/airflow_spark_operator_livy_batch_plugin

Airflow Livy Spark Operator using Batch concept

Primary LanguagePythonMIT LicenseMIT

airflow-spark-operator-livy-batch-plugin

Influence

Infuenced by https://github.com/rssanders3/airflow-spark-operator-plugin and using batch instead of sessions

Description

A plugin to Apache Airflow (Documentation: https://pythonhosted.org/airflow/, Source Code: https://github.com/apache/incubator-airflow) to allow you to run Apache Spark Commands as an Operator from Workflows

TODO List

  • Test extensively
  • Create more examples

How do Deploy

  1. Copy the spark_livy_operator_plugin.py file into the Airflow Plugins directory

    • The Airflow Plugins Directory is defined in the airflow.cfg file as the variable "plugins_folder"

    • The Airflow Plugins Directory is, by default, ${AIRFLOW_HOME}/plugins

    • You may have to create the Airflow Plugins Directory folder as it is not created by default

  2. Restart the Airflow Services

  3. Create or Deploy DAGs which utilize the Operator

  4. Your done!

Livy Spark Batch Operator

Operator Definition

class airflow.operators.LivySparkBatchOperator(application_file, class_name, session_config,, http_conn_id=None, poll_interval=10, *args, **kwargs)

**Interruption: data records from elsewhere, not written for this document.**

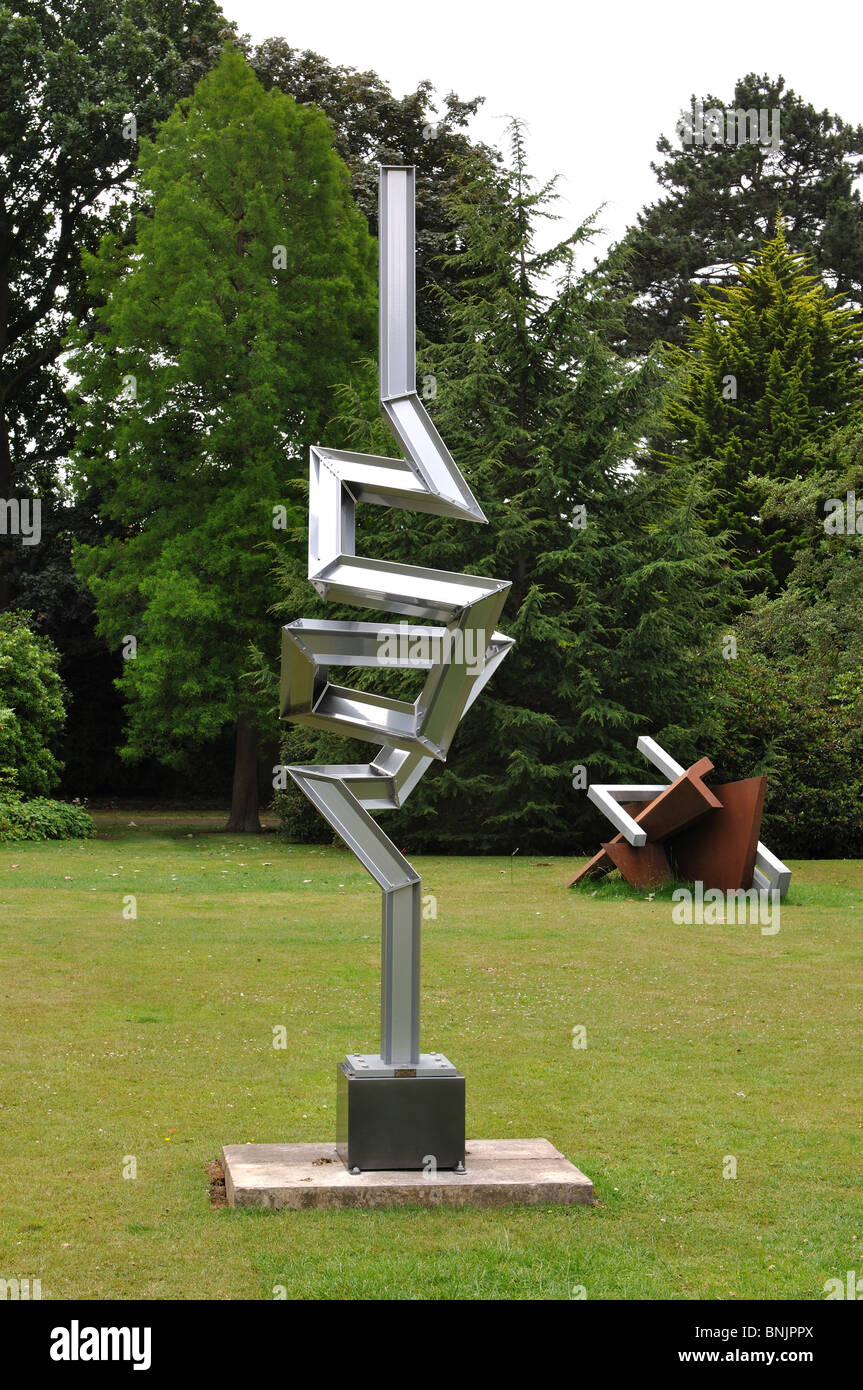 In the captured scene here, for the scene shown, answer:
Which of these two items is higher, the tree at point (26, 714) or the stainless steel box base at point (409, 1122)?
the tree at point (26, 714)

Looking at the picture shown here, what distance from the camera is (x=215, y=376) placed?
85.8ft

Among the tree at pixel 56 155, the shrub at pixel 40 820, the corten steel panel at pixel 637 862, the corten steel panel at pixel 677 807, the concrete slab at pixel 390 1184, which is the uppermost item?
the tree at pixel 56 155

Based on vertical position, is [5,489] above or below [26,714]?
above

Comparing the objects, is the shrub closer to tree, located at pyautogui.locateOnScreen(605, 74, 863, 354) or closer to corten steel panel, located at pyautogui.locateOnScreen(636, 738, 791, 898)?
corten steel panel, located at pyautogui.locateOnScreen(636, 738, 791, 898)

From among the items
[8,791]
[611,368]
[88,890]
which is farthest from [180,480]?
[88,890]

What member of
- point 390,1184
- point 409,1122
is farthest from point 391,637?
point 390,1184

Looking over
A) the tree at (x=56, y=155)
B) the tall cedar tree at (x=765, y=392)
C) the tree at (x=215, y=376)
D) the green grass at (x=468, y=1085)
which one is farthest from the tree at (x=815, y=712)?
the tree at (x=56, y=155)

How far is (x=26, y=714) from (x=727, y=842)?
13.9 m

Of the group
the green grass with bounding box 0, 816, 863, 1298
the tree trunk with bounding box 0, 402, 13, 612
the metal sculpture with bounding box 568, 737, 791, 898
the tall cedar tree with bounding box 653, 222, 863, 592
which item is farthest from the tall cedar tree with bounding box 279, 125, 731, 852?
the tree trunk with bounding box 0, 402, 13, 612

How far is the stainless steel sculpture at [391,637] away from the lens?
6.46 m

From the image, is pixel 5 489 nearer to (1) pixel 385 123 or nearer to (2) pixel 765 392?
(1) pixel 385 123

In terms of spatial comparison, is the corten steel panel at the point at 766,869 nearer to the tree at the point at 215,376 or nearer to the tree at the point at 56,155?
the tree at the point at 215,376

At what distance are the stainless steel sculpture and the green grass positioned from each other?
3.15ft

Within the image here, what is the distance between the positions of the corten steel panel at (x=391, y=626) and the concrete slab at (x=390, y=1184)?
0.53 m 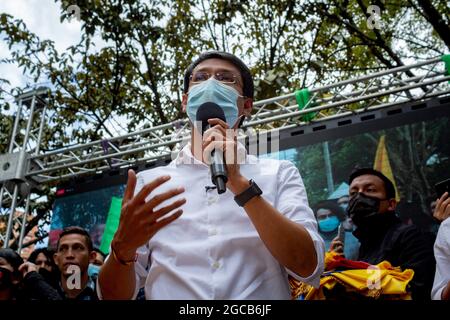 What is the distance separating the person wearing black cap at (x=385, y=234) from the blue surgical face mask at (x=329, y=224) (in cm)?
149

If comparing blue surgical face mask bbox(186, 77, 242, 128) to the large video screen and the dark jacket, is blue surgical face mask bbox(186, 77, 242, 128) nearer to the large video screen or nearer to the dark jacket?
the dark jacket

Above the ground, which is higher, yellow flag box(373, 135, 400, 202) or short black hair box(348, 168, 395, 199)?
yellow flag box(373, 135, 400, 202)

Bases: airflow.models.BaseOperator

Operator to facilitate interacting with the Livy Server which executes Apache Spark code via a REST API.

Parameters:

  • application_file (string) - Jar to submit to the Livy Server (templated)
  • class_name (string) - Class containing the main method.
  • session_config (string) - all additional configuration to be passed as json.
  • http_conn_id (string) - The http connection to run the operator against.
  • poll_interval (integer) - The polling interval to use when checking if the code in spark_script has finished executing. In seconds. (default: 30 seconds)

Session_config

Example of session_config to be sent
{ "proxyUser": "spark",
"args": ["dummy1", "dummy2"],
"jars": ["random-0.0.1.jar", "impatient-1.0.jar"],
"driverMemory": "12g",
"conf": {"spark.yarn.maxAppAttempts": "1", "spark.network.timeout": "1500s"}
} For all the parameters that can be passed please visit
https://livy.incubator.apache.org/docs/latest/rest-api.html POST /batches section

Prerequisites

  1. The Livy Server needs to be setup on the desired server.

  2. Add an entry to the Connections list that points to the Livy Server

    1. Open the Airflow WebServer
    2. Navigate to Admin -> Connections
    3. Create a new connection
    • Set the Conn Id as some unique value to identify it (example: livy_http_conn) and use this value as the http_conn_id
    • Set the Conn Type as "http"
    • Set the host
    • Set the port (default for livy is 8998)

Steps done by the Operator

  1. Accept all the required inputs
  2. Establish an HTTP Connection with the Livy Server via the information provided in the http_conn_id
  3. Submit the Batch
  4. Poll to see if the Batch has completed running
  5. Print the logs and the output of the Batch Logs
  6. Close the Livy Spark Session

How to use the Operator

There is a scala examples on how to use the operator under example_dags.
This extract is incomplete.